Label switching issue in the mixture model

Hello,

I recently started using numpyro for my probabilistic programming on a project about data integration. However, I have a question about the label switching issue in the mixture model. I have read the existing posts about MM, but none of them can answer my question. I start a new post here. Sorry for the long wording.

The basic idea is as follows:
Suppose I have a pool of data from source subjects and data from one new subject that comes sequentially. Instead of using all of the data from the new subject all at once,

I would like to minimize the amount of data from the new subject by matching them with data from source subjects whenever additional sequence of data from new subject arrive.

During each sequence, there are 6 random vectors from two multivariate Gaussian distributions. Among 6 random vectors, five of them generate from a non-target MVN, and one of them generate from a target MVN.

It has a taste of a mixture model, but I do not have mixture weights for the data from the new subject because I assume it is from a baseline cluster. In addition, it seems to distinguish two MVNs across subject levels.

I create a toy example such that there are 2 clusters and 4 subjects. Subject 0 is the new subject, and cluster 0 is the one associated with the new subject.
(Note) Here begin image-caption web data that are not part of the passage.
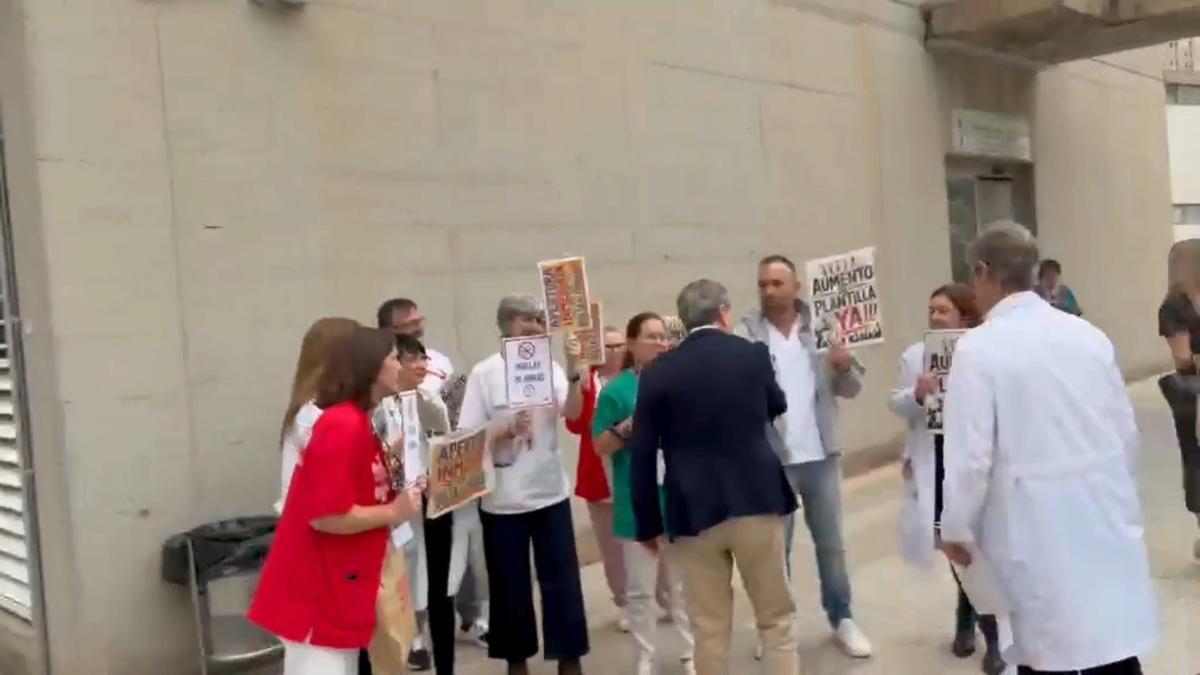 Escrache de médicos del Hospital de Sant Joan al conseller de Sanidad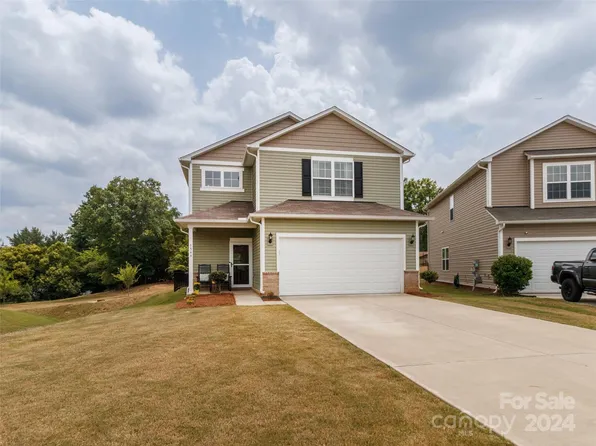1546 Starmount Cove Ln, Charlotte, NC 28210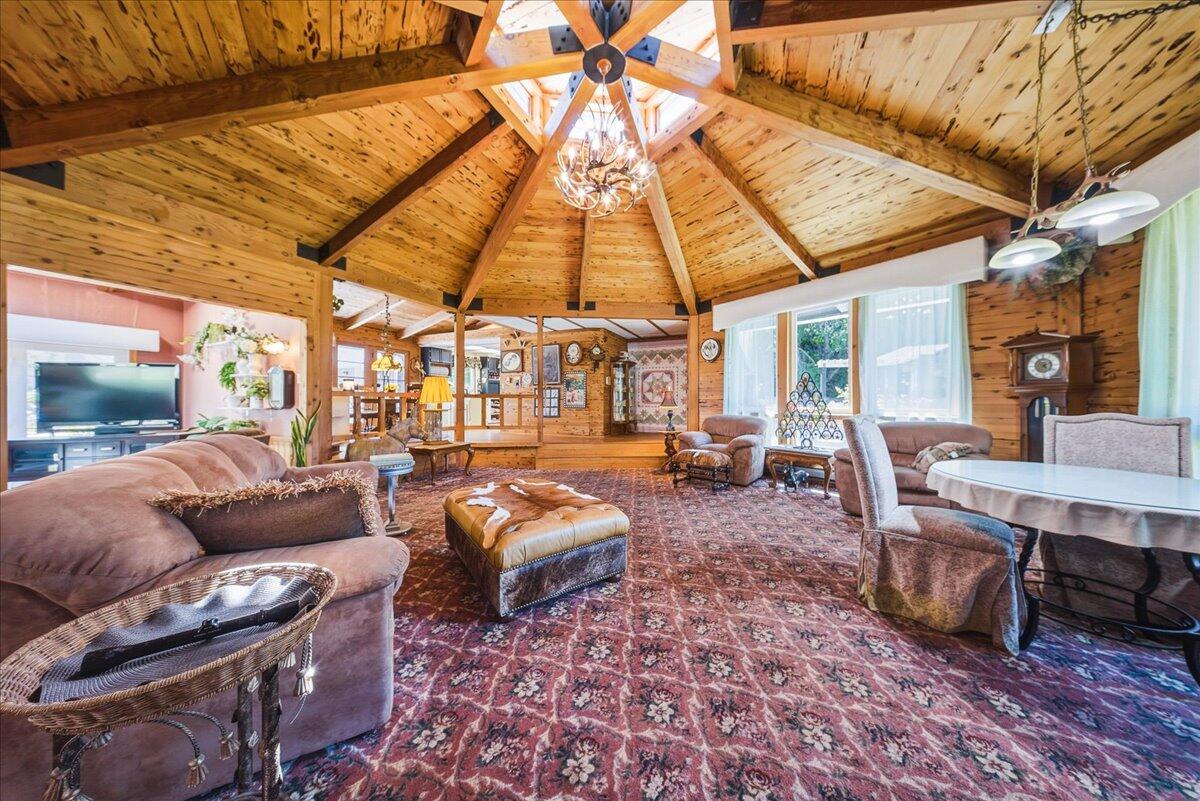 6645 Fern Canyon Road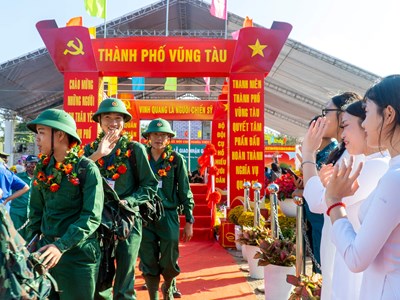 Những lá đơn viết ra từ máu thịt
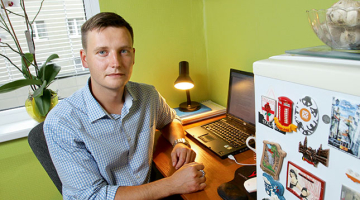 Aldis Bukšs romānu Parādu piedzinēji uzrakstīja pa vakariem, sēžot virtuvē starp logu un ledusskapi.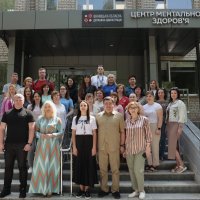 Перша заступниця начальника ОВА Наталя Заболотна, заступники начальника ОВА Олександр Піщик, Андрій Кавунець, регіональна координаторка Всеукраїнської програми ментального здоров'я "Ти як?" у Вінницькій області Олена Бессараба та учасники заходу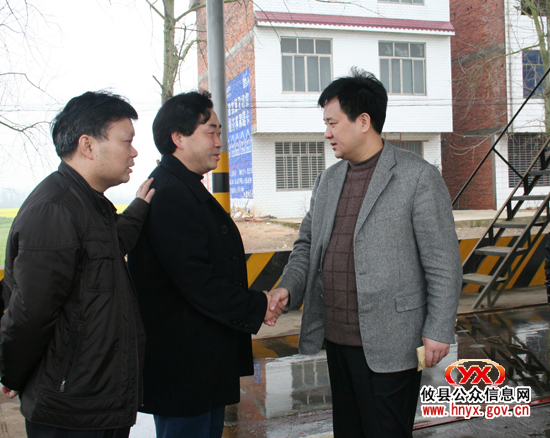 常务副县长李能斌一行到李家巷验票站慰问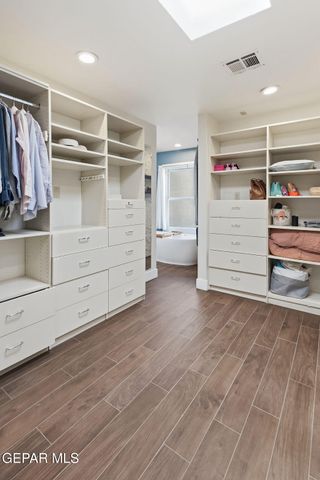 300 ROSEMONT Drive, El Paso, TX 79922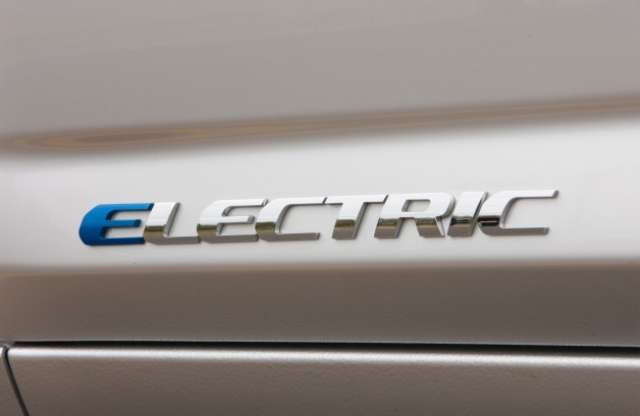 Első részlet az elektromos Toyota RAV4-ről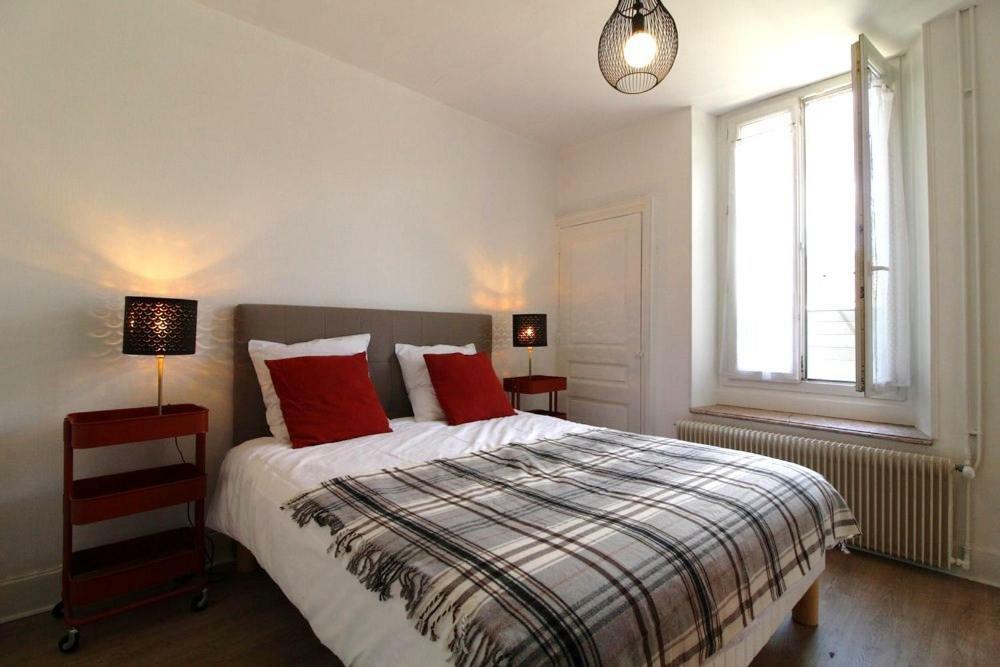 Appartements Le Cru Colbert بون المظهر الخارجي الصورة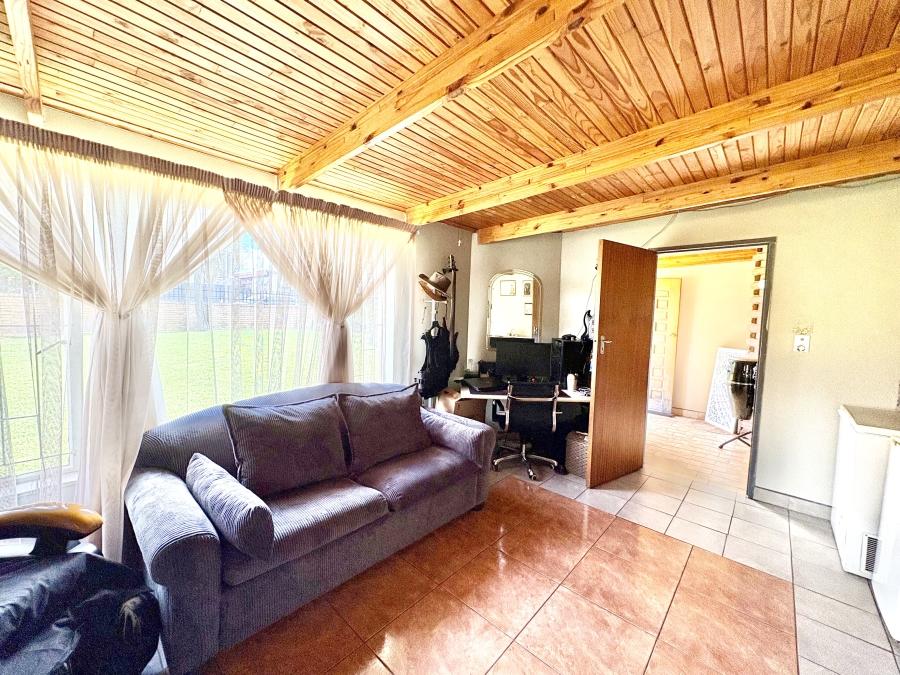 3 Bedroom Property for Sale in Silverton Gauteng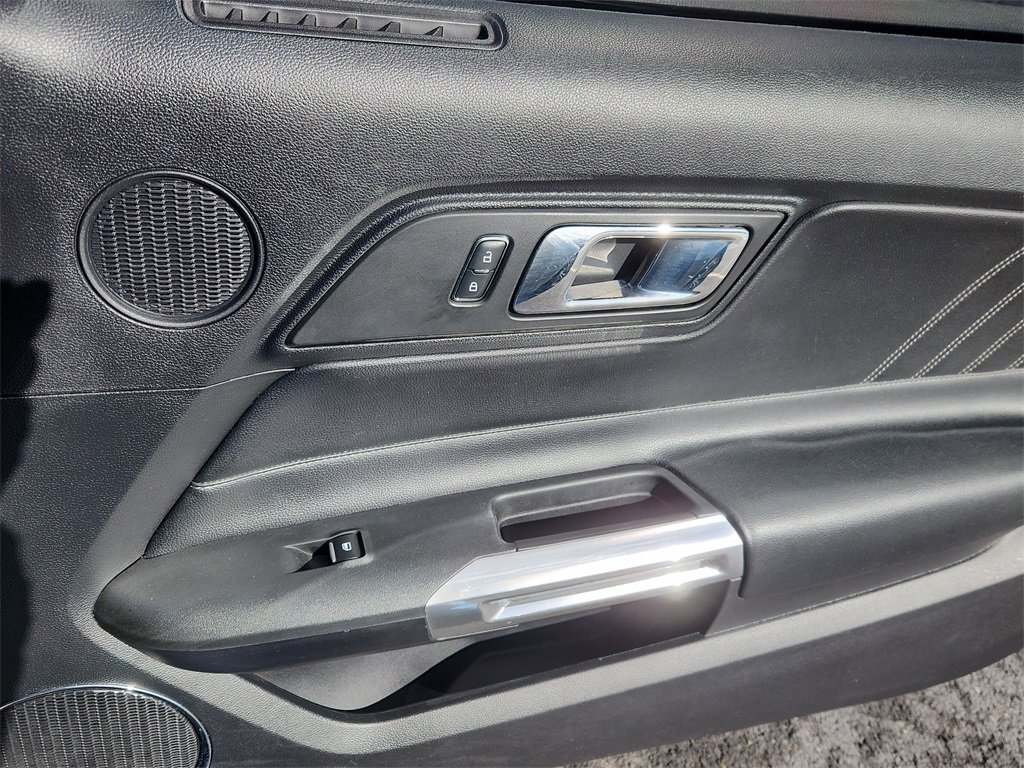 Used 2017 Ford Mustang GT Premium image 14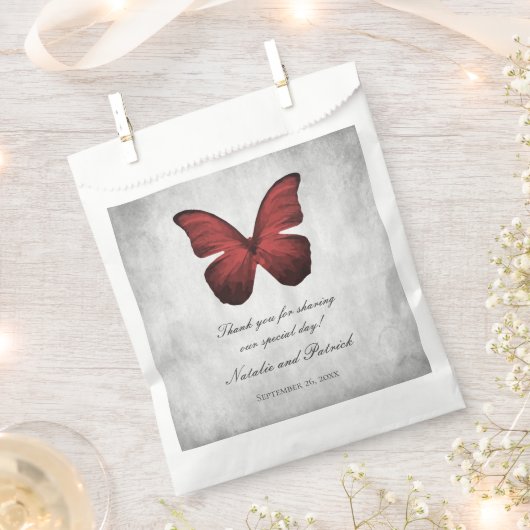 Sacs préférés aux papillons rouges de mariage (Coupé)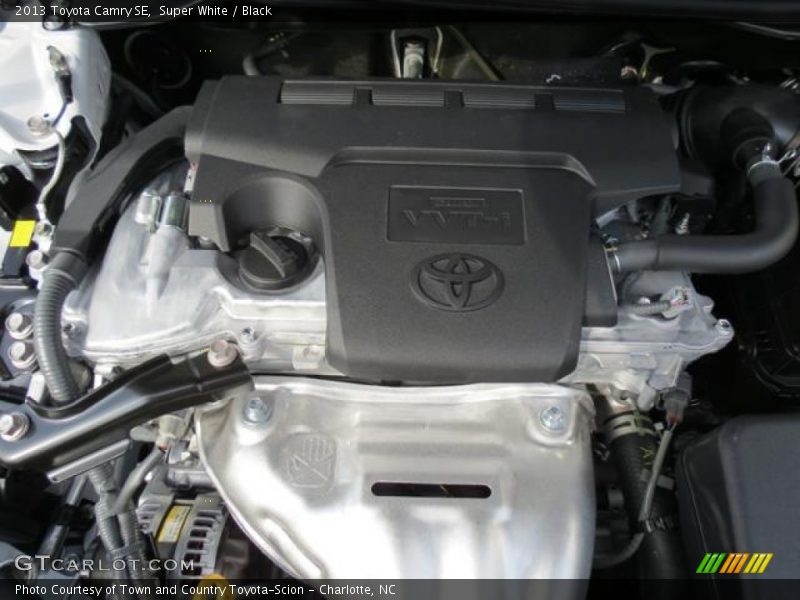 Super White / Black 2013 Toyota Camry SE
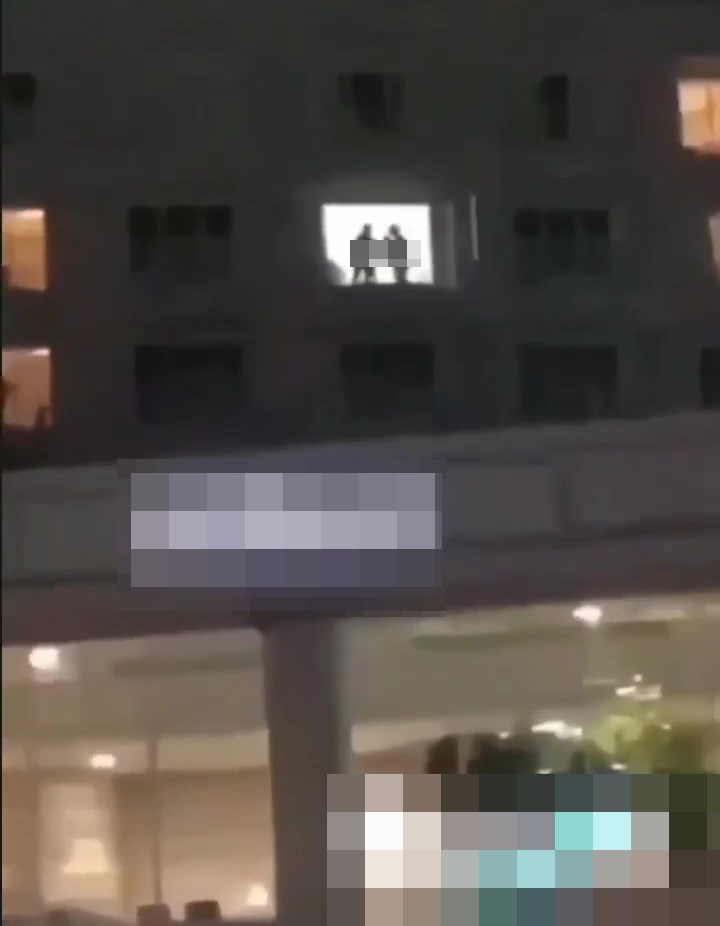 4名男女懷疑在酒店房間窗前上演「集體活春宮」 。網上截圖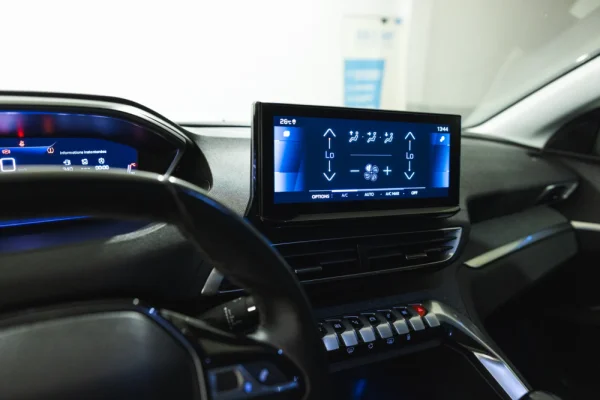 Peugeot 5008 1.2 PureTech Allure Pack 11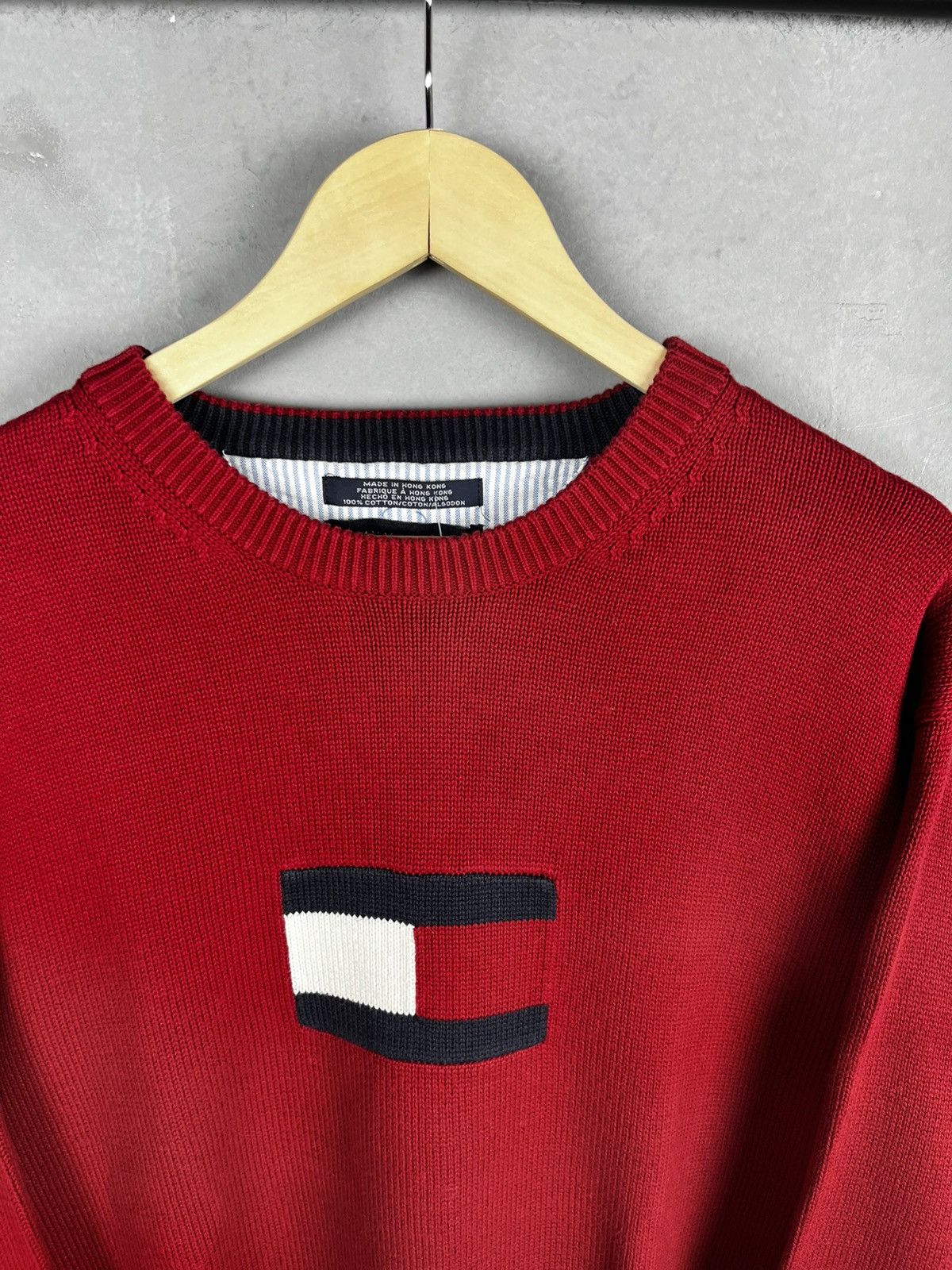 Tommy Hilfiger Tommy Hilfiger big logo sweater vintage usa 90s Size US L / EU 52-54 / 3 - 4 Thumbnail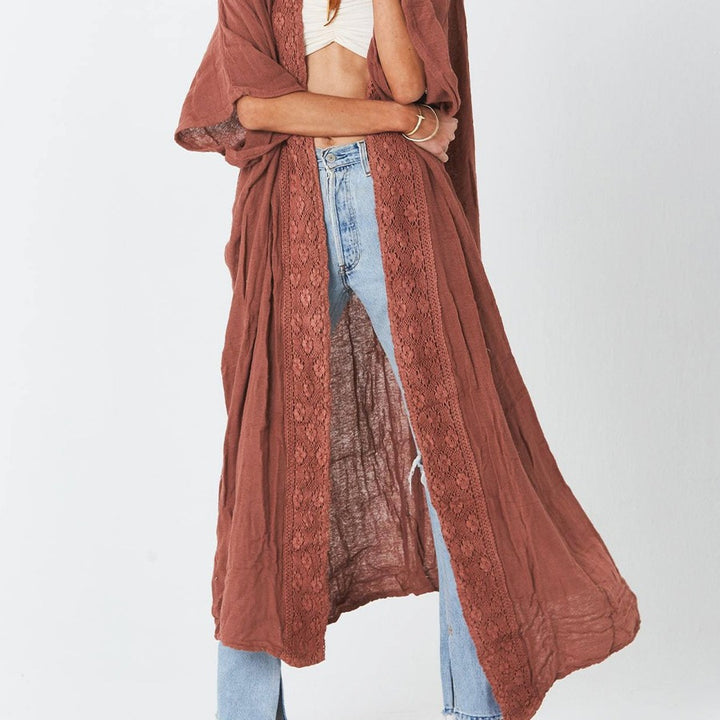 Damen luftiger Kaftan mit feiner Häkelverzierung und weitem Schnitt Drune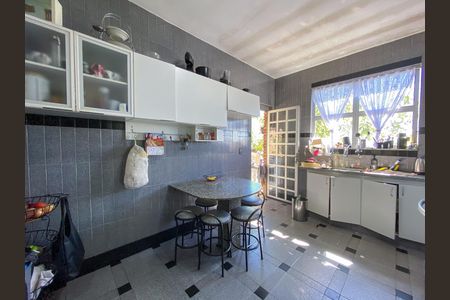 Casa para alugar com 400m², 3 quartos e 10 vagas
One scenario is that none of three source subjects match with the new subject. The empirical mean functions stratified by target/non-target and subject level is shown below.

The model code is also shown here:

def signal_integration_sim(
        N, K, input_points=None, q_mat=None,
        eigen_val_dict=None, eigen_fun_mat_dict=None,
        input_data=None
):

    signal_length = len(input_points)
    var_ntar_dict = {}
    var_tar_dict = {}
    theta_ntar_dict = {}
    theta_tar_dict = {}

    beta_extend_dict = {}
    s_sq_dict = {}
    cov_mat_kron_dict = {}

    for k in range(K):
        group_k_name = 'group_{}'.format(k)

        var_ntar_k_name = 'kernel_ntar_var_{}'.format(k)
        var_ntar_k = numpyro.sample(var_ntar_k_name, dist.LogNormal(loc=0.0, scale=1.0))
        var_ntar_dict[var_ntar_k_name] = var_ntar_k

        theta_ntar_k_name = 'theta_ntar_{}'.format(k)
        theta_ntar_k = numpyro.sample(
            theta_ntar_k_name, dist.MultivariateNormal(
                loc=jnp.zeros_like(eigen_val_dict[group_k_name]['non-target']),
                covariance_matrix=jnp.diag(eigen_val_dict[group_k_name]['non-target'])
            )
        )
        theta_ntar_dict[theta_ntar_k_name] = theta_ntar_k
        beta_ntar_k = var_ntar_k * jnp.matmul(eigen_fun_mat_dict[group_k_name]['non-target'], theta_ntar_k)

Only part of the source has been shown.